Moya a également affirmé l'avoir récemment reconnu sur des photographies prises lors d'une opération de surveillance contre une loge maçonnique sur l'avenue Carlos III, à La Havane, en plein milieu de l'expulsion d'un leader maçon, un fait qu'il attribue au contrôle du régime sur ces institutions.

Facebook Ángel Moya

Dans son message, Moya a souligné que ni lui ni Berta Soler ne sont sortis ce dimanche du siège du mouvement pour exercer leur droit à la protestation ou pour participer à des activités religieuses, comme ils ont l'habitude de le faire chaque semaine.

“Nous ne sortons pas aujourd'hui, mais nous continuons à dénoncer la répression et à exiger la liberté de tous les prisonniers politiques cubains”, a déclaré.

Arrestation à domicile après contact avec des diplomates

En avril, Moya et Soler ont été placés en résidence surveillée pendant 48 jours après avoir participé à une messe avec le chargé d'affaires de l'ambassade des États-Unis à La Havane, Mike Hammer.

«Nous avons été arrêtés en pleine rue, on nous a dit que nous étions sous enquête pour avoir porté atteinte à l'ordre constitutionnel établi», a alors indiqué Moya. Tous deux ont été conduits dans des postes de police, où ils ont été détenus pendant plus de 24 heures avant d'être libérés sous des mesures cautétaires.

Pendant cette période, leurs téléphones étaient occupés et le siège de l'organisation est resté sans accès à Internet, complètement assiégé par des agents du régime.

Questions fréquentes sur la répression contre les Dames en blanc à Cuba

Qui sont les "Metetrancas" mentionnés par Ángel Moya ?

Les "Metetrancas" sont un groupe répressif d'agents de la Sécurité de l'État cubain, connus pour effectuer des arrestations violentes contre des opposants pacifiques sur l'île. Ce groupe a été signalé pour réaliser des détentions arbitraires et des actes de répression contre des figures dissidentes, comme les Dames en Blanc.

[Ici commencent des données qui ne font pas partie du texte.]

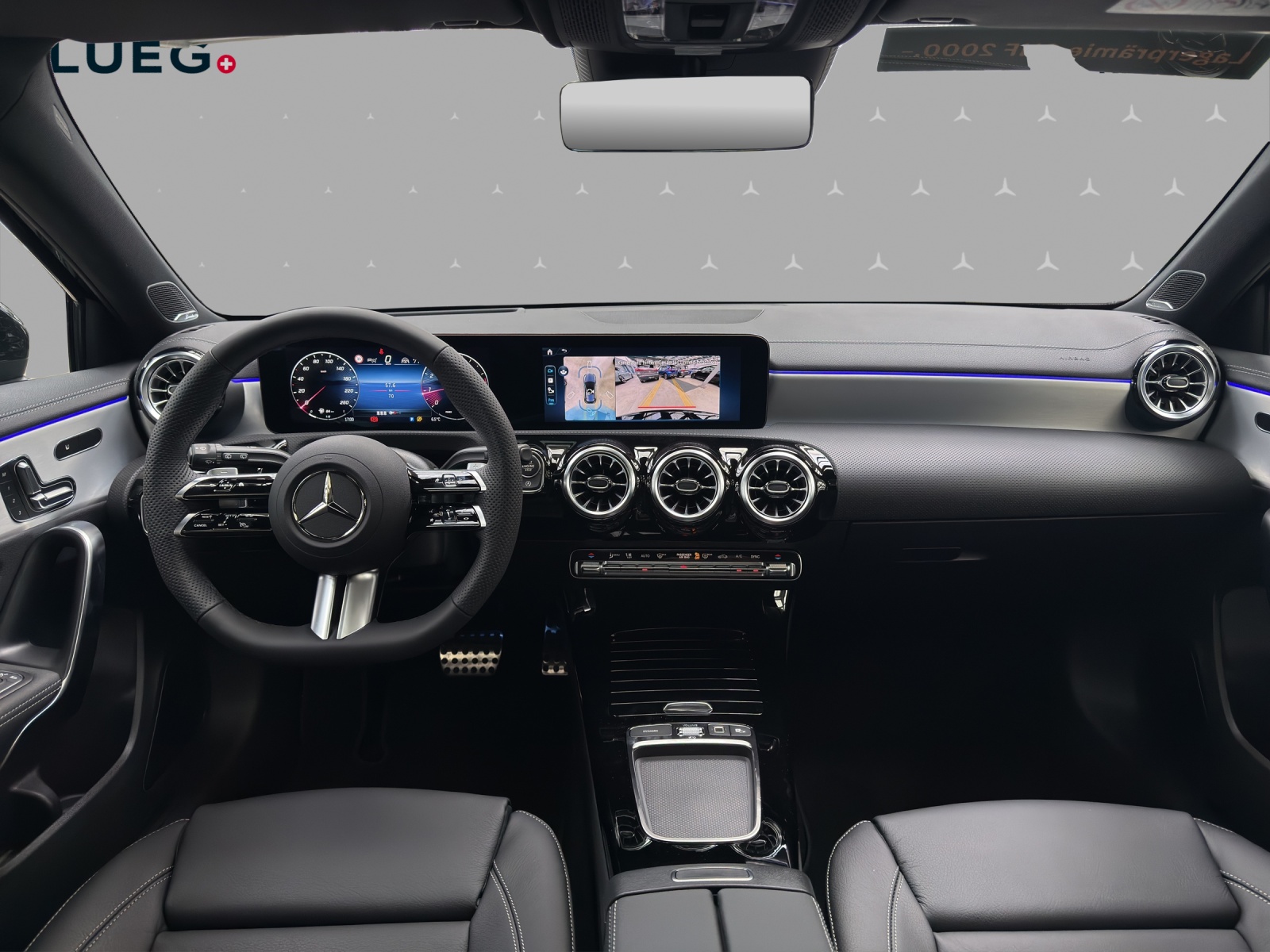 MERCEDES-BENZ A 250 4M - AMG / DISTRONIC / 360 Grad Kamera / Panorama-Dach-image-10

Pourquoi Ángel Moya et Berta Soler ont-ils été placés en assignation à résidence ?

Ángel Moya et Berta Soler ont été placés en résidence surveillée après avoir participé à une messe en compagnie de l'attaché d'affaires de l'Ambassade des États-Unis à La Havane, Mike Hammer. Les autorités cubaines les enquêtent pour avoir prétendument porté atteinte à l'ordre constitutionnel en se réunissant avec des fonctionnaires étrangers.

Quel est le rôle des Dames blanches dans l'opposition cubaine ?

Les Dames en Blanc sont un mouvement d'opposition à Cuba qui a émergé en 2003 après la vague répressive du Printemps Noir. Ce collectif est connu pour organiser des manifestations pacifiques demandant la libération des prisonniers politiques après avoir assisté à la messe habillées en blanc. Au fil des années, elles ont été l'objet d'une répression constante de la part du régime cubain.

Comment la communauté internationale réagit-elle à la répression à Cuba ?

La communauté internationale, en particulier les organisations de droits de l'homme et l'Ambassade des États-Unis à Cuba, a exprimé des inquiétudes concernant la répression contre les opposants tels que les Dames en blanc. Le soutien diplomatique se manifeste par des gestes symboliques, tels que la participation de diplomates à des activités religieuses aux côtés de dissidents pour montrer leur soutien à leur activisme pacifique.